A way for Canadians to buy the NASDAQ 100 without converting CAD to USD and buying U.S. listed ETFs is via the BMO NASDAQ 100 Equity Index ETF (ZQQ). If you’re looking for MANGMA (Meta, Apple, Netflix, Google, Microsoft, Alphabet) exposure, ZQQ is a good option, as all are represented heavily in its top holdings. In terms of fees, ZQQ is fairly cheap, costing an expense ratio of 0.39%.
Because ZQQ trades in CAD, but its underlying stocks trade in USD, changes in the USD-CAD exchange rate can potentially alter its returns and add additional volatility. ZQQ is currency hedged, meaning that it uses futures contracts to mitigate foreign exchange risk at a slight cost. For a more in-depth discussion of currency hedged vs. unhedged ETFs, give this article a read.
Global Tech Sector
Investors looking for a pure-play tech stock tilt with maximum diversification can consider the TD Global Technology Leaders Index ETF (TEC), which passively tracks the Solactive Global Technology Leaders Index. Now, TEC is still rather U.S. heavy, and that’s an unavoidable consequence of it being market-capitalization weighted. International stocks comprise around 13% of the ETF.

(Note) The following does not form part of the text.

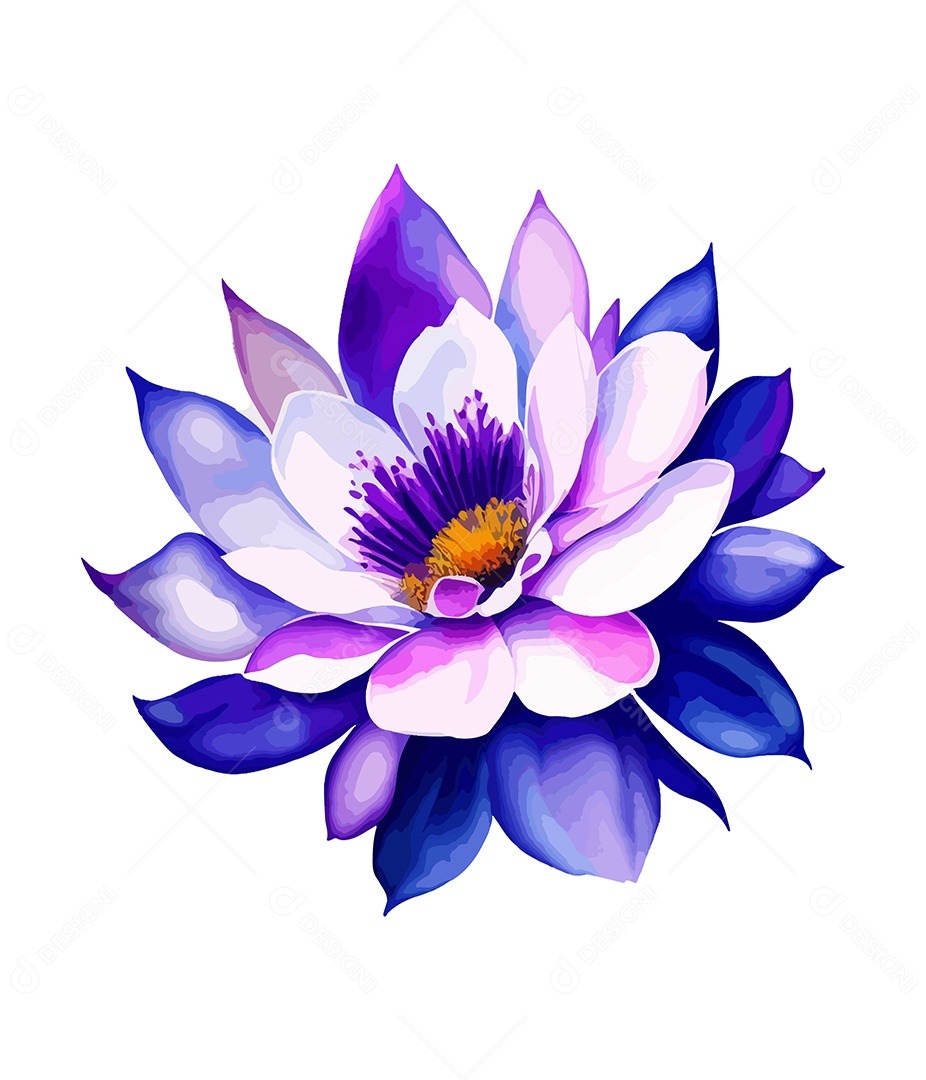 Desenho De Flor Em Aquarela Desenhada Á Mão Vetor EPS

Notable international stocks include Sony, Nintendo, Alibaba Health Information Tech, and Sumitomo Electric Industries. Most of the international holdings come from either Europe (7%) or Japan (4.3%). If you want to invest in tech, there’s really no way of avoiding the U.S. tech sector as the bulk of companies and thus sources of return come from there.
TEC debuted in 2019 but quickly became popular among Canadian investors due to the lack of pure-play global tech ETFs. For example, ZQQ only holds 50% tech stocks, with the remainder coming from a smattering of sectors like consumer staples and industrials. TEC has grown to $1.38 billion in assets under management, and charges a reasonable expense ratio of 0.39%, the same as ZQQ.
Disclaimer: This article is limited to the dissemination of general information pertaining to investment strategies and financial planning and does not constitute an offer to issue or sell, or a solicitation of an offer to subscribe, buy, or acquire an interest in, any securities, financial instruments or other services, nor does it constitute a financial promotion, investment advice or an inducement or incitement to participate in any product, offering or investment.